The 2019 FIFA Women's World Cup kicks off with hosts France taking on South Korea on Friday night, but Ireland are still striving to plot a route to a first major tournament after a series of near misses in recent years.

Colin Bell's Ireland team finished behind Norway and the Netherlands in qualifying for this summer's finals, but Quinn believes better organisation and planning combined with a rich pool of stars emerging through the Irish ranks, will help a national team currently ranked at No.31 by FIFA to take the next step and make an appearance in a high profile competition.

"I feel like we are getting closer, but we need to qualify for a major tournament as that would change everything for the women's game in Ireland," Quinn told independent.ie in an exclusive interview. 

"Women's football has taken some huge strides in recent years, but we are behind England in many respects when you see the infrastructure that is in place around the game and big companies like Barclays coming in with £10m sponsorships deals for the top league.

"That kind of investment would have been unimaginable a few years ago, but it shows what's possible for the women's game and hopefully Ireland can tap into the momentum behind our sport in the next few years.

"To do that, we need to qualify for a big tournament and I feel like we are getting closer with our coach Colin Bell and a talented group of girls in the Ireland squad now.

"We have a tough Euro 2021 qualifying group that will include a strong Germany side, but we have to believe we can make that step§ and qualify for a major tournament.

Former England international Alex Scott is now a pundit for Sky Sports and the BBC (Tim Goode/PA)
Former England international Alex Scott is now a pundit for Sky Sports and the BBC (Tim Goode/PA)

"If we do that, we will see interest in the women's game rise in Ireland. We saw what happened with our hockey team when the Irish girls got to the World Cup final last summer and the media will give you the coverage if you do something to deserve it, so that has to be our target now.

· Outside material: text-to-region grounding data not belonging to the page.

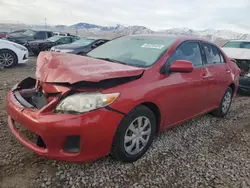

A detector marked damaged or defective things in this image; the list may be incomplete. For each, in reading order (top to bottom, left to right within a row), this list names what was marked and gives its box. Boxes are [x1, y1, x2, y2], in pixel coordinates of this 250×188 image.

crumpled hood [35, 51, 145, 83]
broken headlight [55, 92, 119, 113]
exposed headlight housing [54, 92, 120, 114]
damaged front bumper [7, 77, 124, 162]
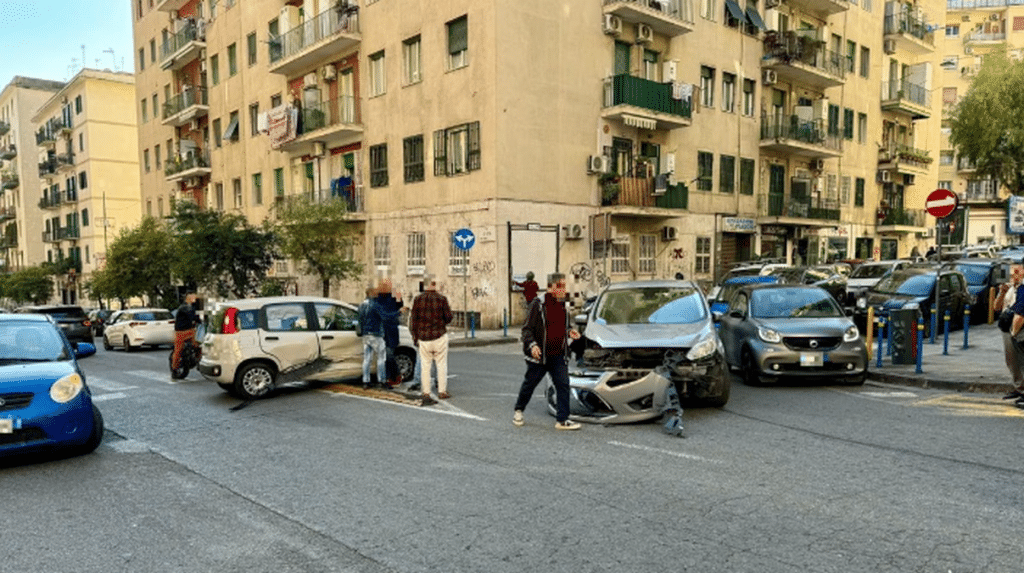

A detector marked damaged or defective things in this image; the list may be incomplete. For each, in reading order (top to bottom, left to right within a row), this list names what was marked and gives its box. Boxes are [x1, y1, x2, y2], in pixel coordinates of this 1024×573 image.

crumpled silver car [548, 280, 733, 423]
damaged white hatchback [548, 278, 733, 429]
crushed car hood [581, 319, 708, 347]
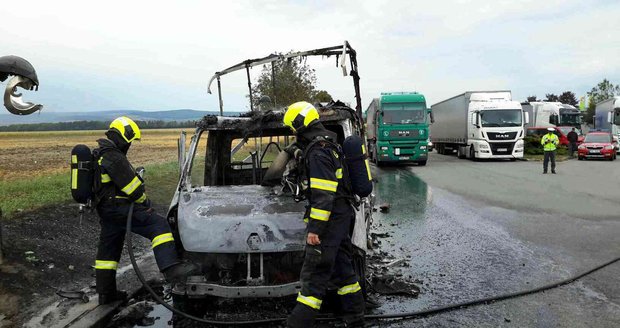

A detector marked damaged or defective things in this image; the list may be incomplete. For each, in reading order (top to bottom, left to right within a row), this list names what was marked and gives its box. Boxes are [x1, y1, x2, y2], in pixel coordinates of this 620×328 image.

charred metal frame [207, 40, 364, 133]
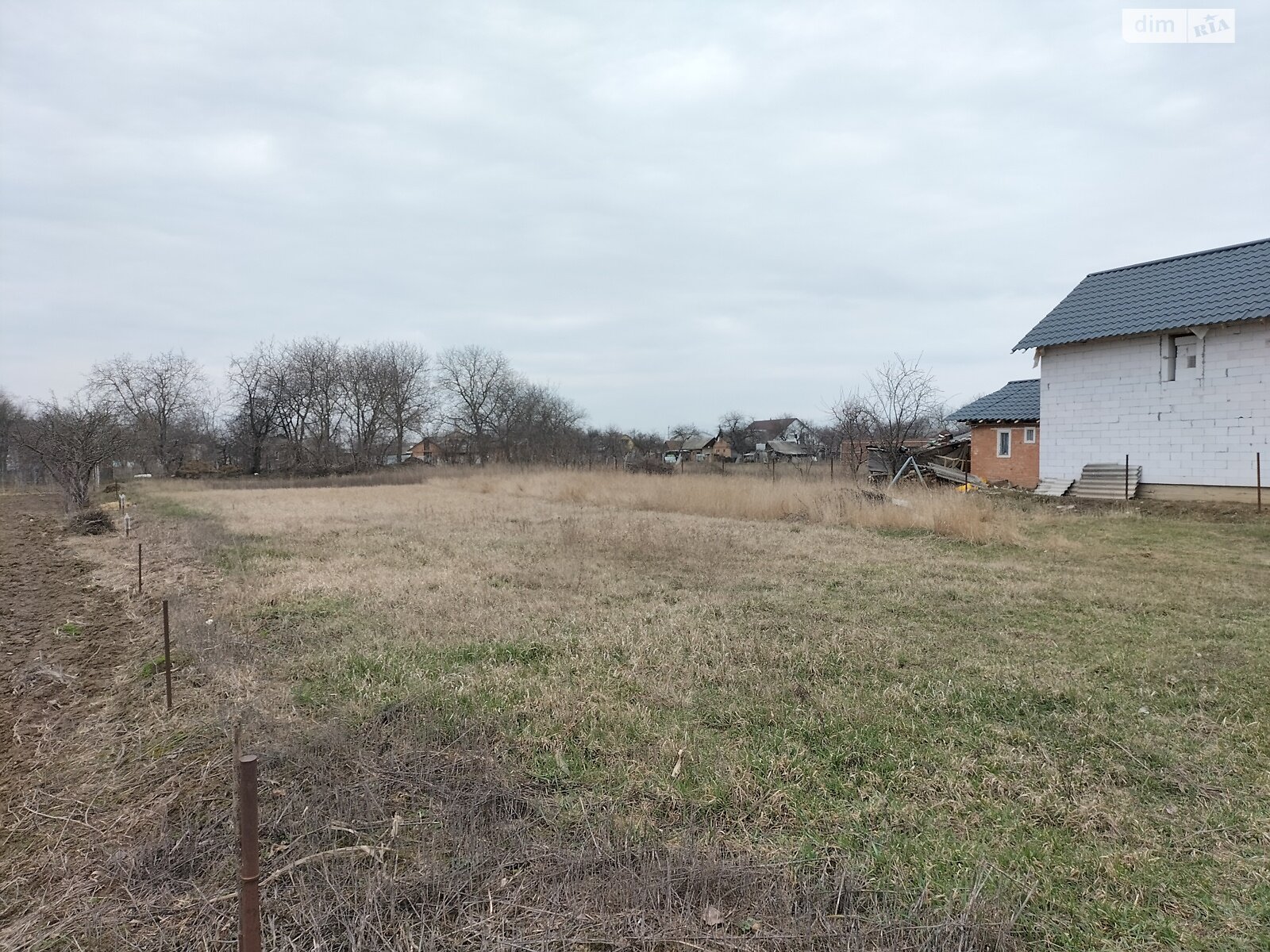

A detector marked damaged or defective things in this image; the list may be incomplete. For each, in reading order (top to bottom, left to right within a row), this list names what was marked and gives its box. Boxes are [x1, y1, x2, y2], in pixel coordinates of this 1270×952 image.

"We also need to get into Irish schools and encourage girls to play the game because there is a path to have a career in football now, or just to enjoy it with your friends."

The eagerness of television companies in the UK and Ireland to deploy female pundits and presenters on their football coverage this season has been the subject of plenty of debate, with Quinn suggesting the prominence of Sky Sports analyst Alex Scott was a big moment for the women's game.

"It is all about acceptance," suggests Quinn. "As long as someone has the talent and knowledge to do the job, they should be given a chance to do it and I feel like Alex Scott and the other female pundits have gained respect after some resistance to start with.

"If it is a box ticking exercise and TV companies feel they need to put women on there just to keep everyone happy, that is not a good reason to have a female pundit. It should be a case of hiring the best person for the job.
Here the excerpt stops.